Unicode

In the words of the Unicode Consortium (see http://www.unicode.org), Unicode provides a unique number for every character, regardless of platform, program, or language. This means that if you use Unicode to represent characters in your application, there is no ambiguity over what a character should be in the application's user interface, in the application's input devices, or in the application's data. It's a simple concept, but it is a fundamental building block for an international application. The good news for .NET developers is that the .NET Framework and Visual Studio use Unicode throughout, so Unicode is a given.

The numbers that identify characters are called code points. Unicode groups these code points into 17 blocks of numbers, called planes, which consist of 64KB code points each. The first plane is plane 0 (also called the Basic Multilingual Plane, BMP) and includes the most commonly used languages. The 16 other planes include languages that are not in current use (e.g., Gothic and Old Italic), mathematical and musical symbols, and characters for more languages. The mapping of characters to code points is an ongoing process (Unicode 3.0 has more than 50,000 code points, Uni-code 4.0 has more than 94,000), and although the Unicode Consortium will eventually catch up with all the existing characters in the world, new characters and symbols will arise, and Unicode will need to be updated to include these. For this reason, the Unicode specification has a version that identifies the features that are covered within that release. Because code points are just numbers, the .NET Framework can read and write any code point without requiring previous knowledge of the code point.

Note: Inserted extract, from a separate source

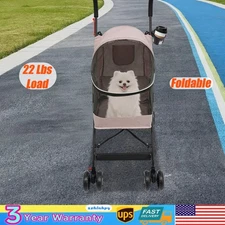 Foldable Lightweight Durable Pet Stroller For Small To Medium Pets Dogs And Cats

Note, however, the limit to which such unknown code points can be handled. When the .NET Framework has no information about a code point, it cannot know how to sort, case, or render it. So although the .NET Framework 1.1 was released before the most recent version of Unicode, it can still read and write all the new code points, although it cannot make decisions about how to process these code points. Fonts, however, are another matter, but they fall outside the .NET Framework.

Unicode mapping tables are tables that map legacy code pages (covered in the next section) to their Unicode equivalents. Table 2.1 shows the Unicode Mapping Table versions that the .NET Framework supports.

Table 2.1. .NET Framework Support for Unicode Mapping Tables
Framework	Unicode Mapping Tables
.NET Framework 2.0	4.0
.NET Framework 1.1	3.0

Table 2.1. .NET Framework Support for Unicode Mapping Tables